Why not get a 20 or 29 gal. lot easier to plant, Bonsai is a great choice, I love the looks of them. Just make sure you use a reputable source. I get all my plants and hardscape from BucePlants.com quality, healthy and snail free.


----------



## The Fish Lady (9 mo ago)

Mrs.HataFree said:


> Hey.. Im kinda new to the aquarium life.. I had a 10 gallon tank I put together from scratch around 2013ish with some fish, the $1 or $2 fish just in case I killed them but I loved putting together my tank.. It was my happy place.. Well it is time, and I'm in need of another tank but I wanted to do a 10 gallon planted aquarium with or without " Pangio genus loaches " with a live weeping willow bonsai or something awesome like that... Anyway ANY and ALL advice about all things Aquariums is very much WANTED and MOST definitely NEEDED!! Thanks..

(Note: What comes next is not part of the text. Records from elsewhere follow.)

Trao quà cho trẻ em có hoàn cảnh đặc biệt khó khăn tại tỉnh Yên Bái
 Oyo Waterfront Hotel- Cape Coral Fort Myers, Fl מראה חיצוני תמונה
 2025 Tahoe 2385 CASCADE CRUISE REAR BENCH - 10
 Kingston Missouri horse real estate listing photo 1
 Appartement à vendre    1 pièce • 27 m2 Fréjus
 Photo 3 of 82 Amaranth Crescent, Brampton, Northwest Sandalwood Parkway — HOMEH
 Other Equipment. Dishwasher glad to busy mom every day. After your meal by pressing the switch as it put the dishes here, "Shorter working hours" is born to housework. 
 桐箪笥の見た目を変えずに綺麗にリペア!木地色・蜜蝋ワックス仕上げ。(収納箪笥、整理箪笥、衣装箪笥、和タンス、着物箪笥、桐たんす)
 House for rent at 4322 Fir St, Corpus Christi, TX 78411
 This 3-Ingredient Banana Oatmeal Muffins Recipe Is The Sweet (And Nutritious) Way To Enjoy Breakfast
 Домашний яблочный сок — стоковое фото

Hi! 😃 The Fish Lady here! Nice to meet you!😃
How exciting!😃 it sounds like sooo much fun! And, you'll put some small loaches in with it! Wow!😃
I have an idea, when you are finished, be sure to post pictures; okay? 😃
Just be sure to use a really good dirt (substrate) on the very bottom level with possibly a "tab" fertilizer then after the you place the plants, lay down a freshwater sand then.


----------



## Mrs.HataFree (7 mo ago)

susankat said:


> Why not get a 20 or 29 gal. lot easier to plant, Bonsai is a great choice, I love the looks of them. Just make sure you use a reputable source. I get all my plants and hardscape from BucePlants.com quality, healthy and snail free.
> [/QUOot the tank for free..


----------



## Mrs.HataFree (7 mo ago)

Hi.. @susankat.. I am real good at impulse buying stuff without thinking it thru and I have learned that sometimes you can find stuff that might be used or discounted. Thanks I'm going to check it out..


----------